The remainder of this article will explore both automated and semi-automated face recognition approaches using computers. A review of face recognition systems by Zhao et al. (2003) shows that the majority of face recognition research use only greyscale images, due to the difficulties associated with colour images with respect to illumination conditions. As stated by Li and Jain (2004), the use of colour information is typically used only as a pre-processing step in order to separate a human face from the image background. Therefore, greyscale images will be assumed from here on unless otherwise stated.

4. Image Acquisition

Image acquisition in face recognition is the method of capturing a number of digital images for use in the recognition process. The techniques and equipment used to acquire images vary considerably depending on which face recognition approach is adopted. In general 2D techniques require much less equipment than 3D alternatives. The review of 2D systems by Zhao et al. (2003) states that for 2D systems all that is generally required is a single camera and a well-lit location. An exception, which has received little attention, is the use of thermal imaging cameras (Wolff et al., 2001). These cameras capture 2D images of the face surface temperature, with each pixel of the image representing a specific temperature.

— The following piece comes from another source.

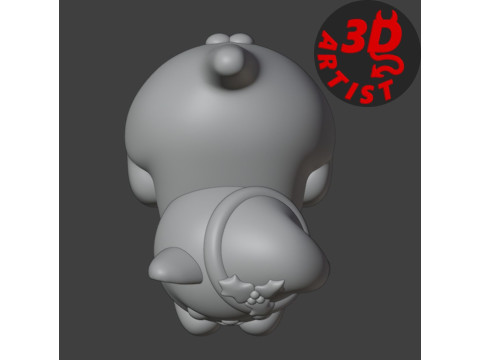 Christmas cat with balls or without balls and clean body Set 3 versions 3D 프린트 모델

It is necessary at this juncture to discuss the difference between a 3D model of the head and a 3D model of only the face. A 3D model of the head assumes height information for the entire head, thus the head model can be rotated 360°. A 3D model of the face assumes height information for only the facial features and the surrounding face surface. This is often known as a 2.5 Dimensional (2.5D) surface reconstruction (Vogiatzis et al., 2006). As face recognition is clearly only interested in the face and to avoid confusion, the term 3D will be used to address all models of the head whether present in 2.5D or 3D. The remainder of this article will discuss image acquisition for 3D systems.

Stereo imaging is a capture method that uses two cameras in order to simultaneously acquire two images of an object from slightly different viewpoints. Triangulation is applied to a number of points identified in both images in order to calculate the geometry of the presented object. Correspondence is a technique used to locate precise points of an object that can be readily identified in both images. An imaging process, which also relies on correspondence, uses orthogonal profile images of the face (Yin and Basu, 1997). The process can use either two cameras to capture the object in a single shot or a single camera held stationary and the object rotated between shots.

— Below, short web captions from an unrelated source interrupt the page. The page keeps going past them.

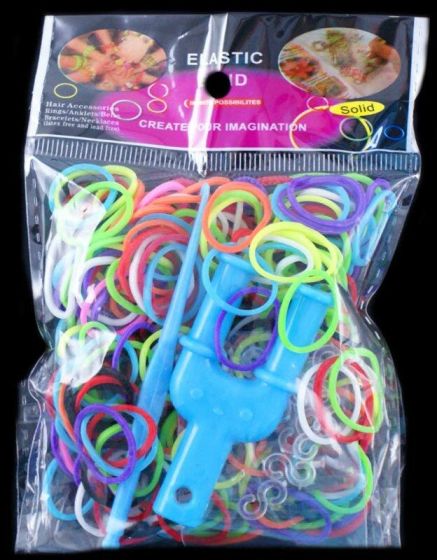 Loom Bands - Dark Hot Colours (Approx 25p Per Bag)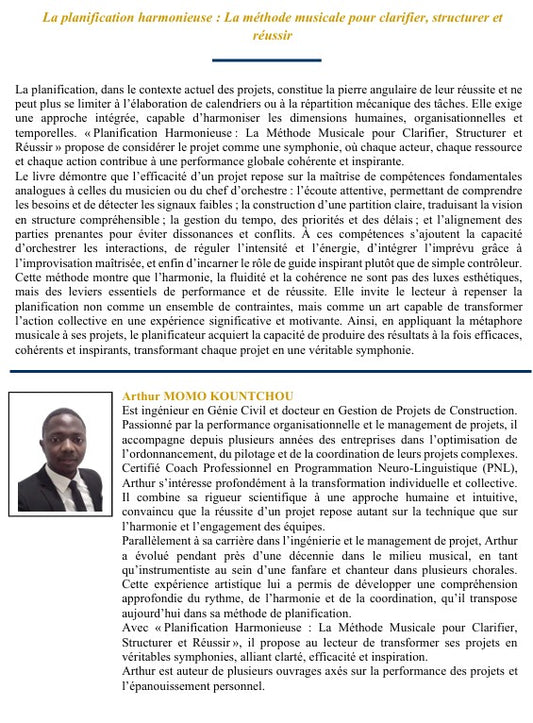 04a. La planification harmonieuse : La méthode musicale pour clarifier, structurer et réussir - Français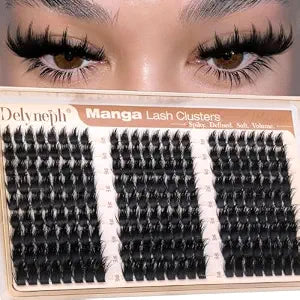 Fluffy Lash Clusters with Spikes Manga Eyelash Clusters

Photometric stereo is a modelling technique that use multiple images captured under different illumination directions to recover the surface gradient (Agrawal et al., 2005). The surface gradient defines the surface orientation for each point of the face, known as the surface normals. These surface normals can be integrated using a surface reconstruction algorithm to produce a model of the face surface. The technique is traditionally used for modelling static objects such as museum artifacts, however, recently evidence has been presented by Zhou et al. (2007), which demonstrates that acceptable face models can be produced using this technique. Photometric stereo will be covered in more depth in Section 6.

The final type of 3D imaging system is that which projects a light onto an object in order to measure how the object interacts with the light compared to a flat surface. Two such techniques are laser scanners and coded light. Laser-based techniques use a laser line to scan the entire surface; triangulation is then applied to each laser line to calculate the surface geometry. The coded light technique, projects a specially coded light pattern onto an object. Images are captured of the object and the light pattern, which are then processed to reveal depth information based on distortion of the project patterns.

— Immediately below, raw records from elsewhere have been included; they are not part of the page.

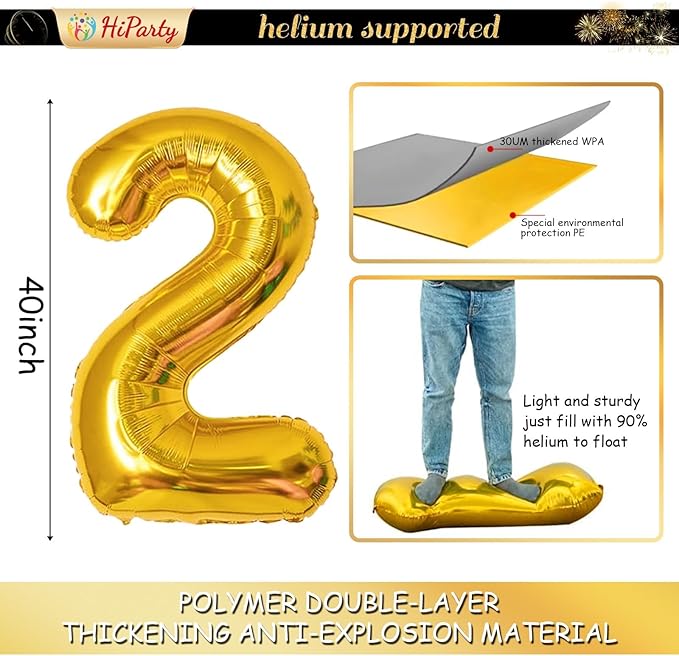 Upgraded, 42in Large 2026 Balloons Numbers, with 8pcs Star Balloon and Accessories, 3D Premium Aluminum Foil, Graduation Balloons for Graduation Decorations 2026, Grad Party Decorations, Gold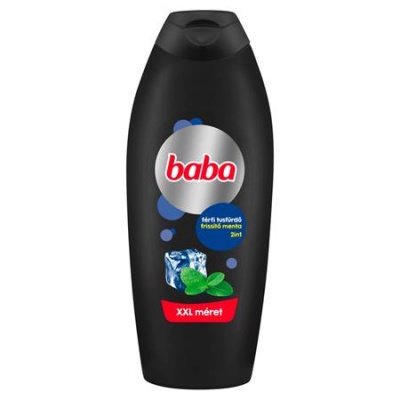 Sprchový gél, pánsky, 750 ml, BABA, s výťažkom z mäty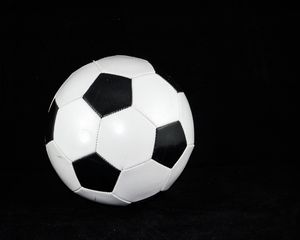 Preview wallpaper soccer ball, football, bw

In order to compare the 3D modelling techniques, which have been identified, for use in the area of face recognition, a number of key considerations need to be made. Zhao et al. (2003) defines a number of aspects which can be used to compare face recognition systems, these are:

Quality of captured data
Capture and recognition time
Equipment cost
Requirements of the user
Intrusiveness

Of the capture methods identified here, laser scanning systems provide the most accurate results, and are often used to test the precision of results from systems using different capture methods. However, laser sensors are relatively expensive and much time is required in order to completely scan an object. “The acquisition of a single 3D head scan can take more than 30 seconds, a restricting factor for the deployment of laser-based systems.” (Akarun et al., 2005). Due to the time taken and visible laser projected onto the face, much cooperation is required from the user. The use of coded light is a relatively fast process. However, as with laser scanning a visible light pattern is projected onto the users face. Two methods, which require no projected light, are stereo and orthogonal imaging. These techniques use standard cameras, with stereo imaging requiring two cameras and orthogonal needing only one. Stereo imaging, as described by Li and Jain (2004), can produce accurate 3D models using little equipment. The main issue with these methods is the use of correspondence, which can be computationally expensive and produce errors in the results. ‘Often failure to identify a stereo correspondence point can result in a 3D surface, which contains ‘holes’ due to absent surface information’ (Zhao and Chellappa, 2006). A relatively fast 3D capture method, which does not require correspondence, is photometric stereo. This method requires a single camera and three lights. Further details of photometric stereo as a face recognition method will be presented in Section 6.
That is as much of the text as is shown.